Philadelphia-Camden-Wilmington

The final CBSA we will look at in detail is Philadelphia-Camden-Wilmington. We begin with the impact of whiteness.

Below 30% whiteness, Philadelphia looks at least somewhat like Memphis, with negative impacts down to as low as -60%. Above 40% whiteness, however, it does not continue upward, but instead levels off in a band between 0% and +9%, which slight additional upward trend at 90% whiteness and up.

This raises the question, will the impact of the Black population resemble Memphis? The answer is no. It looks more like L.A.

Below 5% Black population there is a weak positive impact on median home prices, between 0% and 6%. The impact drops sharply through 20% Blackness, where the impact is -4% to -10%. From there, it does not quite flatten out the way it did in L.A., but instead continues a slow decline down to a range of -6% to -8% impact in almost completely Black block groups.

The impact of Hispanic and Latino residents on median home prices structurally mirrors that of the impact of Black residents, though there are far fewer majority Hispanic or Latino block groups and the long downward trend is steeper for Hispanic and Latino populations than Black populations. Impacts go as low as -15% is highly Hispanic or Latino block groups.

Finally, the impact of Asian residents.

The shape of the curve is similar to L.A., though the impact grows larger and there are very few majority Asian block groups.

Patterns and Differences

We saw a number of patterns emerge in the impact plots across the three CBSAs we examined. These tend to repeat themselves in other CBSAs. The difference is largely in degree and slope, as was the case in some of the comparisons we did above.

This suggests that whatever underlying factors, whether the lingering effects of redlining and predatory inclusion, prejudice against certain immigrant groups, or just ongoing systematic racism or individual racism in home buying decisions, they are common across different CBSAa in different areas. We encourage readers to further explore the results at this web page.

Conclusions

In the previous section we saw several ways in which the presence or absence of certain demographic groups impacted median home prices in different CBSAs. As we mentioned, we really only scratched the surface here. But we have run the same analysis very broadly. We have produced 1,500 impact charts using this methodology and published them on this web page. Behind these charts are stories of hundreds of communities waiting to be told.

But even though we only looked at a small number of cases, a higher level conclusion started to emerge. The conclusion is that by fitting ML models and using ML interpretability techniques like SHAP, we can gain insight into the impact of racial and ethnic demographics on home values in ways that we would not have been able to, and that we haven’t seen other examples of, using regression analysis alone. In this case, we took Taylor’s qualitative conclusion and quantified it. We saw that while the details vary from CBSA to CBSA, there are recurring patterns, like the impact of whiteness and the extreme lack of non-whiteness on housing values.

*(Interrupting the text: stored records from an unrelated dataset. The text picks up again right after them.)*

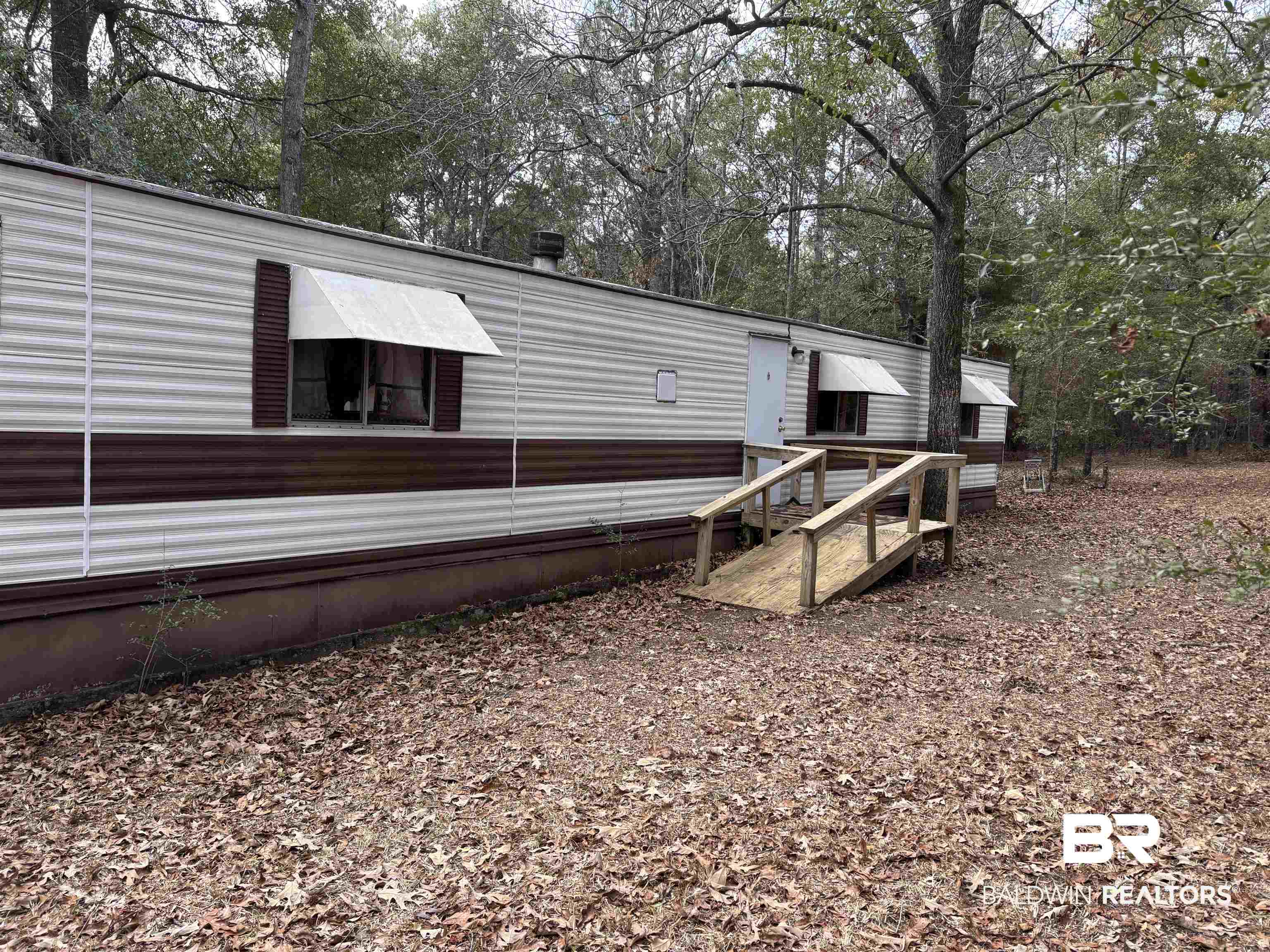 15575 Rogers Drive Chunchula, AL 36521 - Photo 1 of 42 View of rear view of property
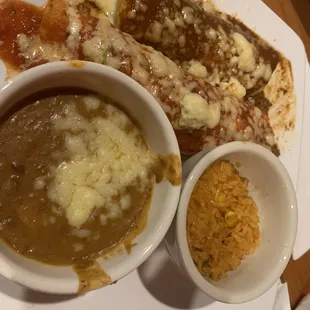 Lunch combination platter:  cheese enchilada, ground beef burrito, rice, and refried beans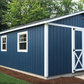 16x30 Blue storage shed with white trim in a backyard setting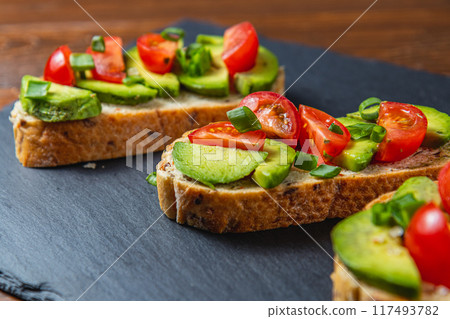 Avocado toast topped with tomato and green onion on a slice of carrot bread 117493782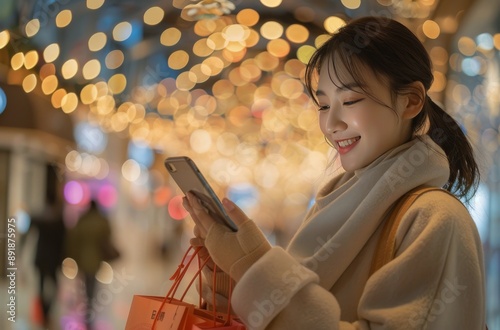 Woman Using Phone Under Christmas Lights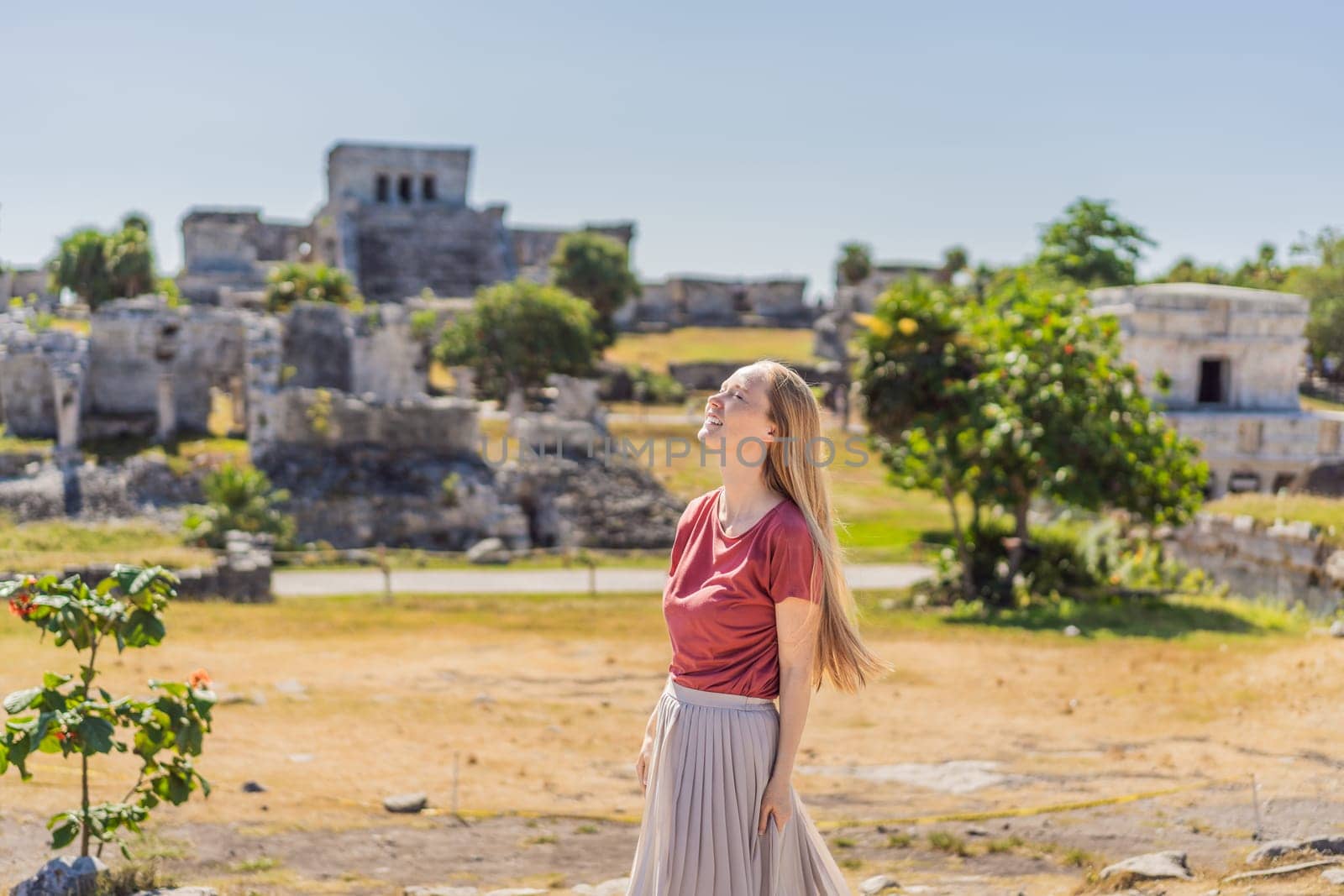 Woman tourist enjoying the view Pre-Columbian Mayan walled city of Tulum, Quintana Roo, Mexico, North America, Tulum, Mexico. El Castillo - castle the Mayan city of Tulum main temple.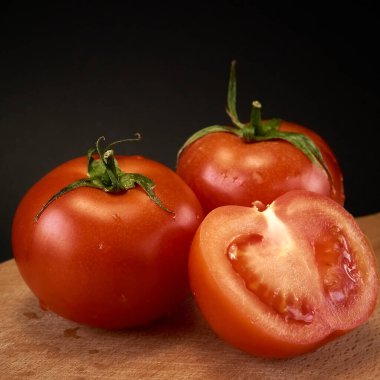 Tahta kesme tahtasındaki kırmızı domatesler, bütün ve siyah arka planda dilimlenmiş, hafif maviyle.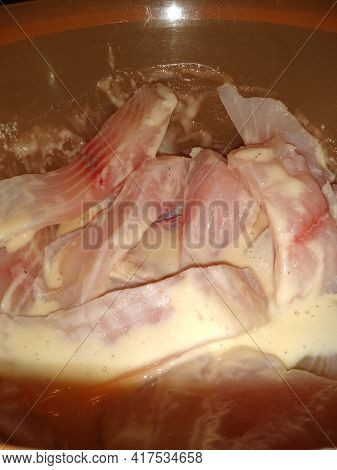 The Process Of Cooking Fish In Batter Close-up. High Quality Photo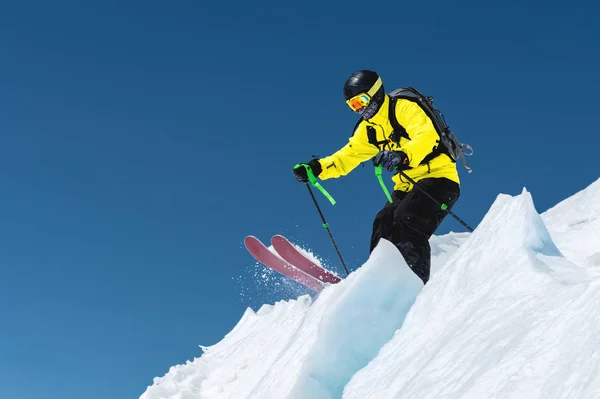 Vor dem Hintergrund des blauen Himmels und der kaukasischen schneebedeckten Berge springt ein Skifahrer in voller Sportausrüstung vom Gipfel des Gletschers in den Abgrund. elbrus region. Russland — Stockfoto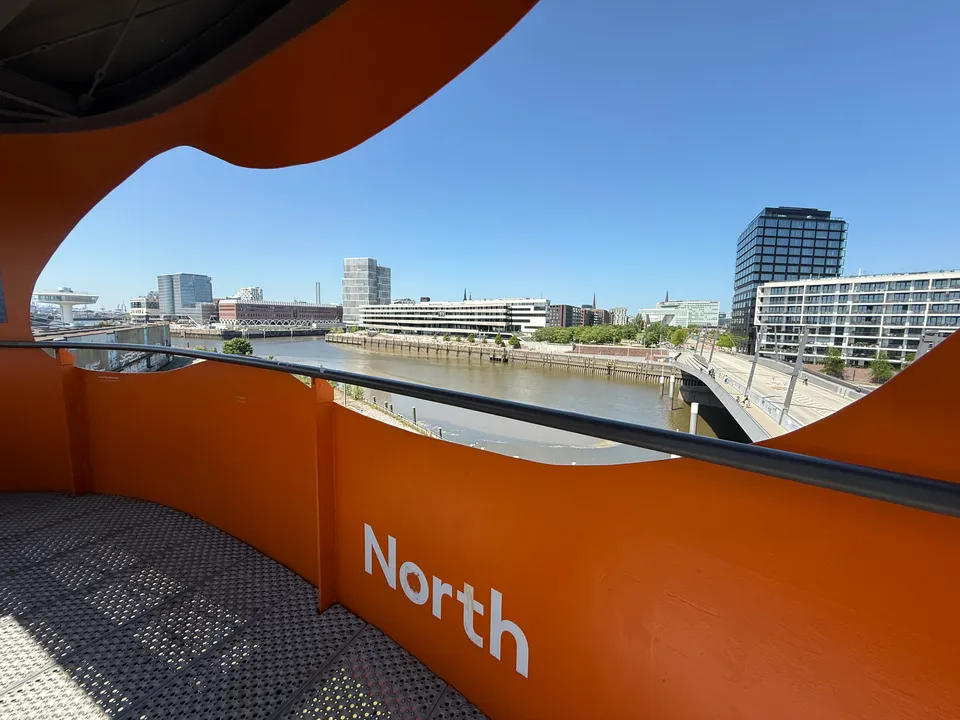 Blick nach Norden über Hafenbecken und Brücke auf Bürogebäude, Hochhaus und entfernte Kirchtürme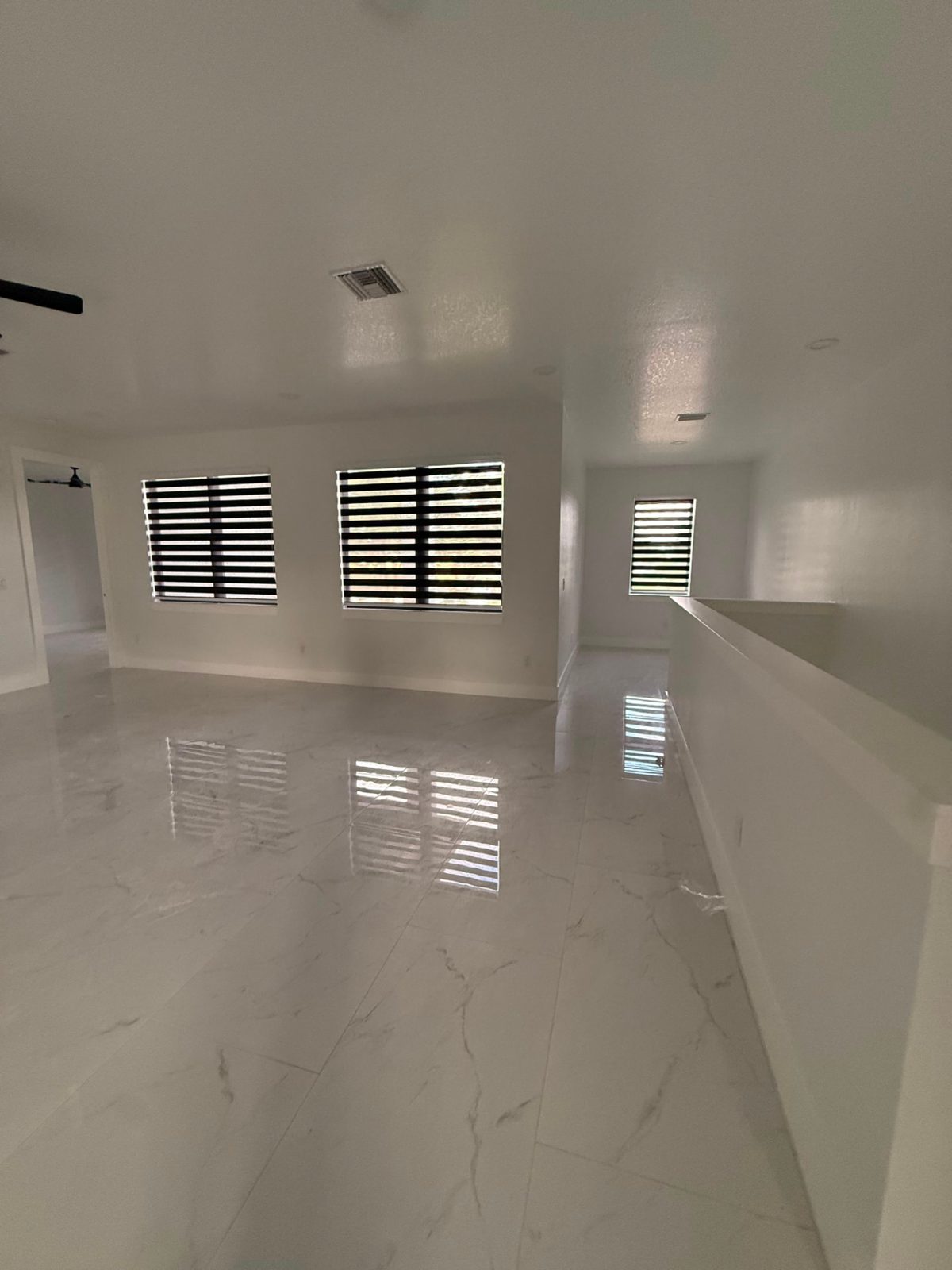 Three matching zebra shades on an open loft with polished marble tile reflecting the light bands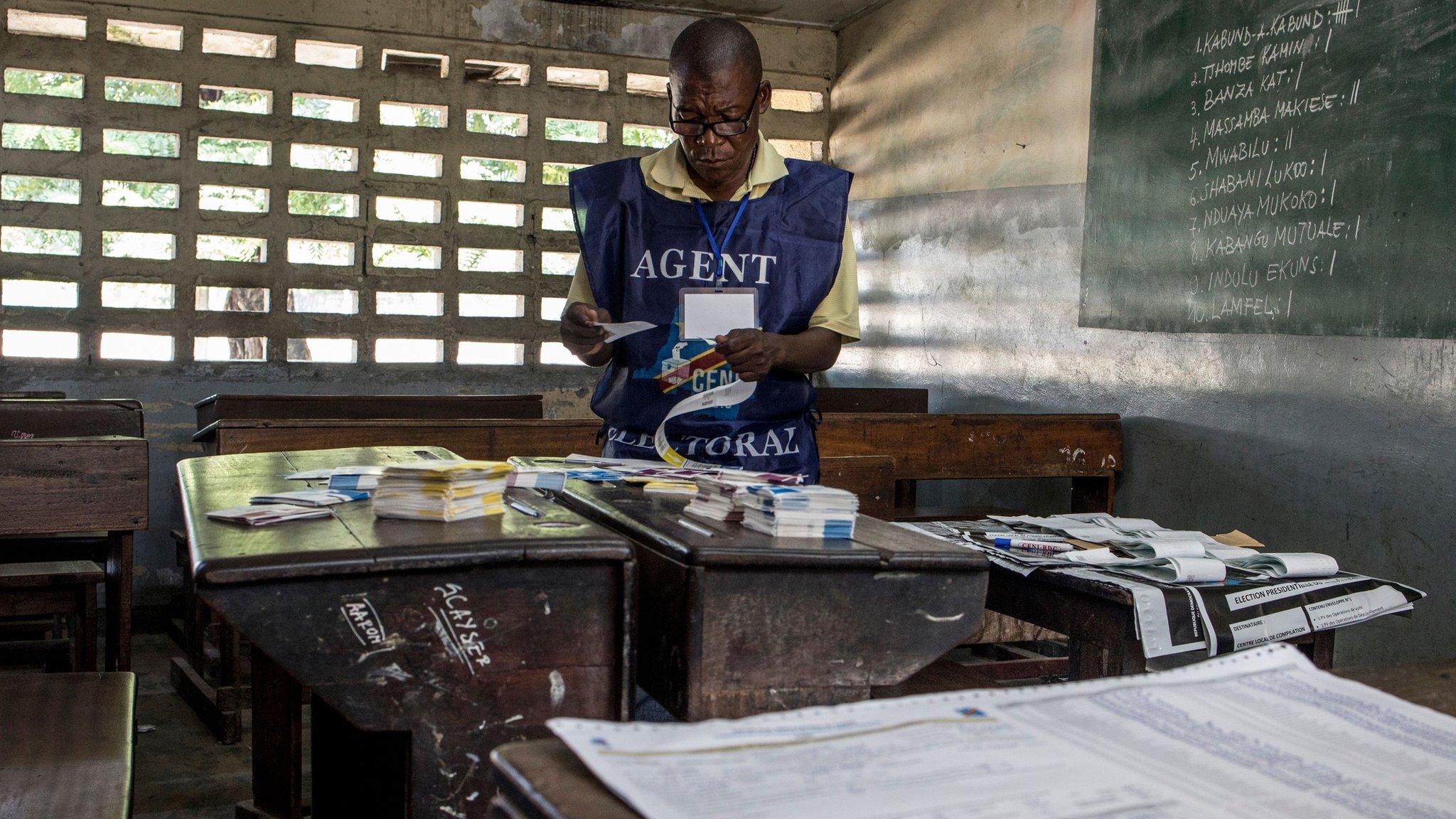 Electoral official arranges ballots at a polling station in Kinshasa on 31 December 2018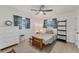 Cozy bedroom with a double bed and tile floors at 162 Annapolis Ln, Rotonda West, FL 33947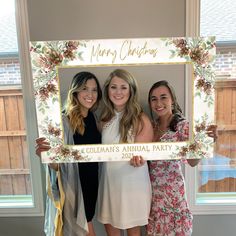 three women pose for a photo in front of a floral frame with the word bridal shower written on it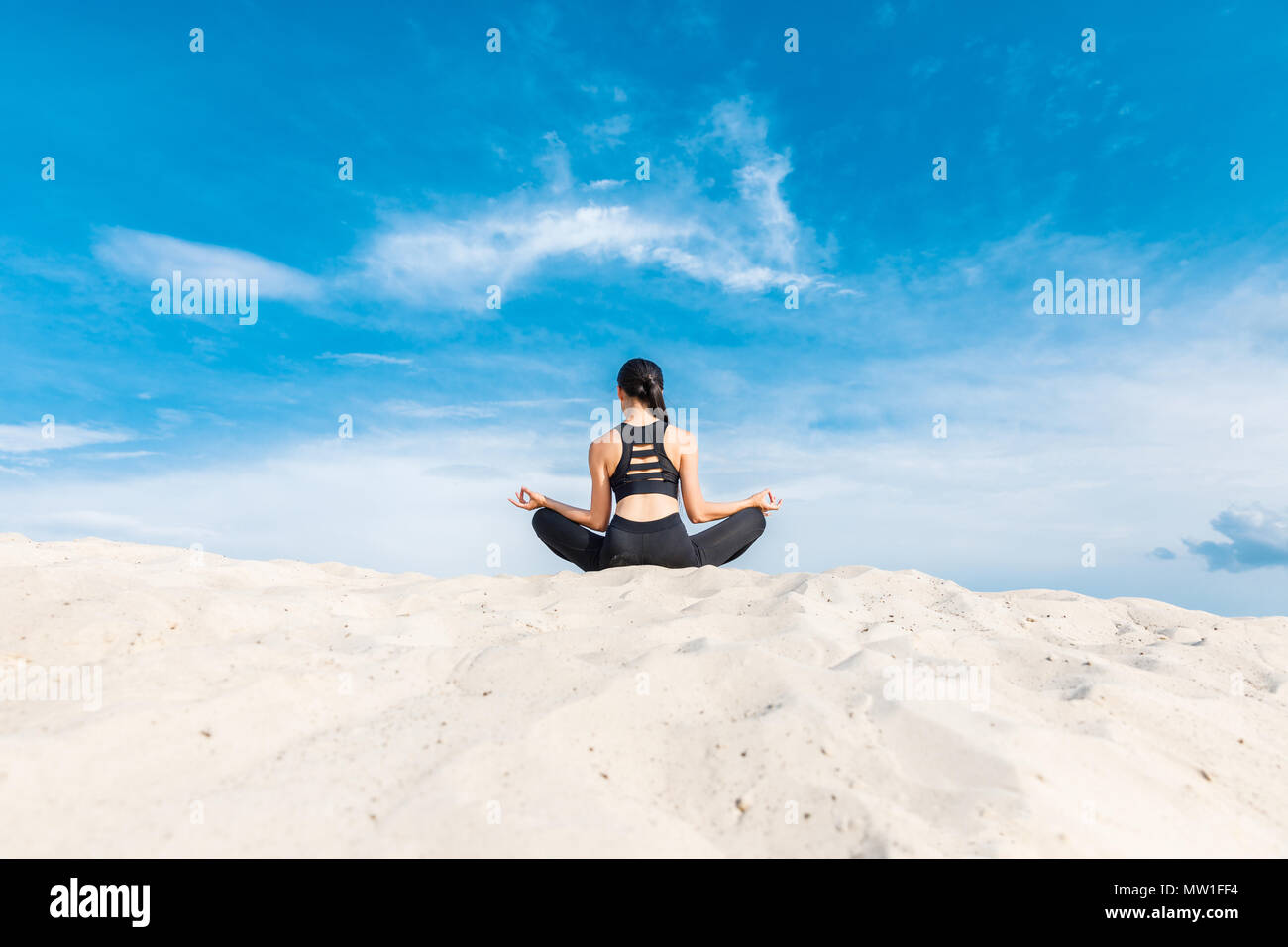 Vista posteriore della donna meditando in lotus yoga pone con gyan mudra sulla sabbia contro il cielo nuvoloso Foto Stock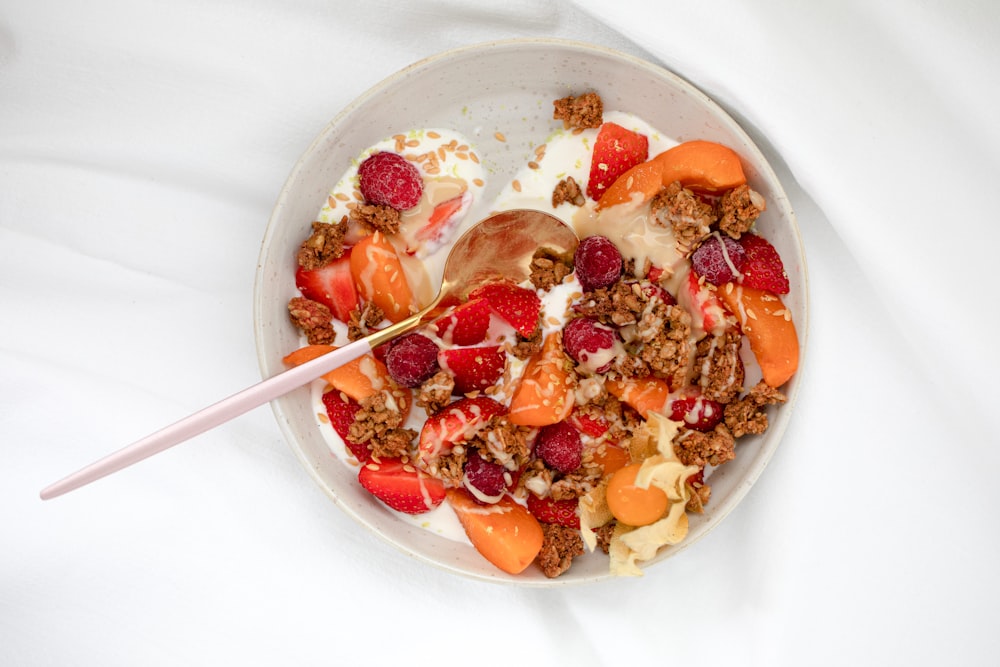 white ceramic bowl with cereal and sliced strawberries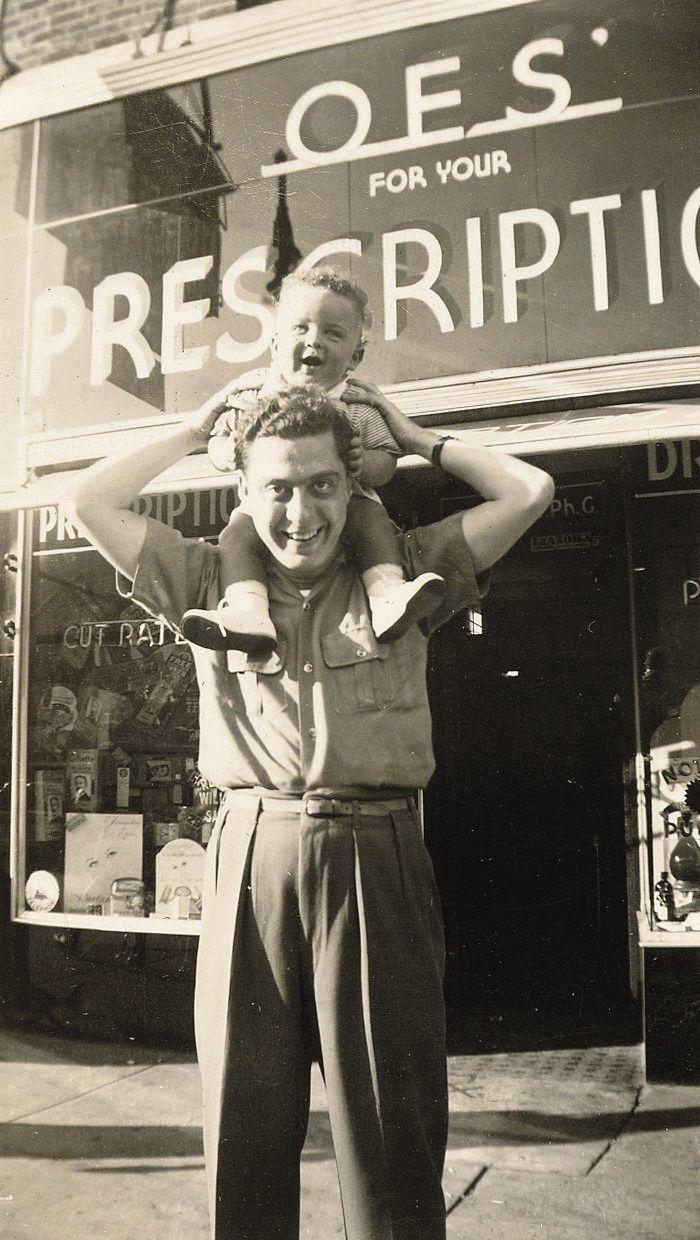 Arthur Blank’s brother, Michael, and his father, Max, stand outside the OES Pharmacy family business, in 1940. Max died when Arthur was 15, leaving his mother to grow what became a multi-million-dollar business.   Photo courtesy of AMBSE Creative.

We strongly believe that we have only taken the first few steps of a long journey here. We are confident this approach can be applied to many other data sets where regression analysis has been attempted in the past. In the U.S. Census data alone there are hundreds of other variables we could look at. We also believe that more advanced ML approaches, beyond the techniques and optimization methods we used here, that even more insights can be obtained.

Code and Data

All of the code we used to gather data, create features, fit models, optimize hyperparameters, interpret model predictions, and generate visualizations is contained in the open source software package that was once called rihmodel but is now called rihdata. To see the version of the code we used in this work, before impact charts were moved into their own library. see the tag PRE_IMPACTCHART_LIBRARY. The raw data itself we load from the U.S. Census API using the censusdis package. We encourage readers who are so inclined to examine our code and we welcome questions or comments.